Here she is on a cover with three women who do fit into the “model-skinny” category, and Elle cropped her body out almost completely. While Poehler, Williams, and Deschanel all displayed about 75% of their whole bodies, Kaling didn’t even get a whole torso.
Look, there’s a lot of reasons for this to happen. Maybe they all were supposed to be close ups, but the other women (who were shot in basically identical styles) couldn’t carry a close up in the way Kaling could. For all we know, Kaling picked the final picture, or requested that she be cropped out. Maybe. But that really doesn’t seem all that likely, especially when you consider, as Fashionista pointed out, “that Kaling, the only woman of color to get her own cover, is also the only cover image rendered in black and white.” I don’t entirely understand the intention behind releasing four covers that act as a set, but painting one subject specifically as the odd-man-out.
We’ve seen this before–first, in 2010, Gabourey Sidibe’s body didn’t make the cover but her disembodied head and bit of torso did, and her skin was lightened for the shoot. Last year, Elle put Melissa McCarthy in a giant coat while shooting Penelope Cruz, Shailene Woodley, and Reese Witherspoon in form-fitting, clingy outfits. Elle claimed that the decision was purely artistic, and then McCarthy publicly defended them, saying she was on board. Who knows if that was a PR move or if McCarthy actually was in control? And really, for all we know, Kaling directed the whole shoot. Does it matter? The message is still the same: we treat a certain type of woman differently than the other celebrities in her cohort. Kaling is different based on an arbitrary set of rules, so we’ll treat her as such.
The Huffington Post, for their part, practically wet their pants with excitement over the Kaling cover, proclaiming “FINALLY!”, “It’s here! It’s here!”, and encouraging Vogue to book Kaling for a cover.
This seems like an awful amount of back patting for something that’s long overdue: a woman of color and some size who’s known as much for her talent, intelligence, and humor as she’s knows for her looks land a major cover. This shouldn’t be a thing. This shouldn’t be news. We shouldn’t be this excited to see Kaling, or any woman of color who’s not “model-thin” on a major magazine cover. But we are excited, and worse, applauding Elle for doing so, as if it’s some brave stand to feature a person on the cover of their magazine, instead of the fact that major magazines are woefully behind the times.
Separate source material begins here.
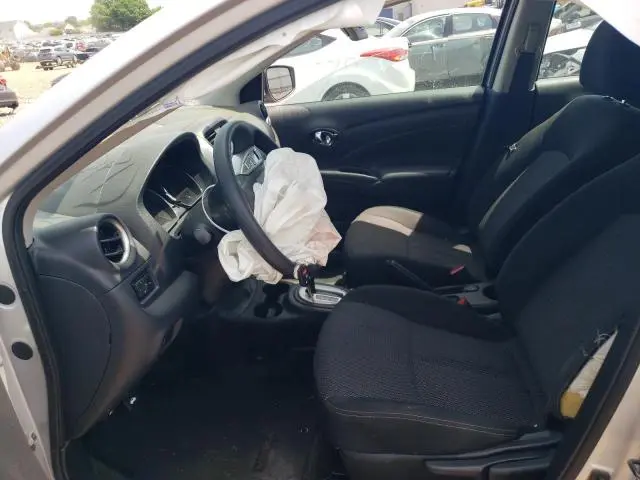 2019 NISSAN VERSA S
Kaling looks stunning–that’s not the issue. In my opinion, she has the best cover of any of the other smart, beautiful, funny, and talented women who got covers for February. But the fact that Kaling is a woman of color and a woman whose size defies the conventions for actresses are two traits that should never be stripped from her when slender, white women are allowed to keep their whiteness and bodies. We shouldn’t have to talk about Kaling’s weight and race like they’re something up for debate when we could be talking about her talent, but then Elle pulls shit like this, and it perpetuates the idea that Kaling is different in the sense that different is less than. Why did Poehler, Deschanel, and Williams have full color covers showing their figures while Kaling literally was stripped of her body and color? Because somebody thought that diluting Kaling’s image would make it more palatable, and that’s as a clear a message as we’ll get.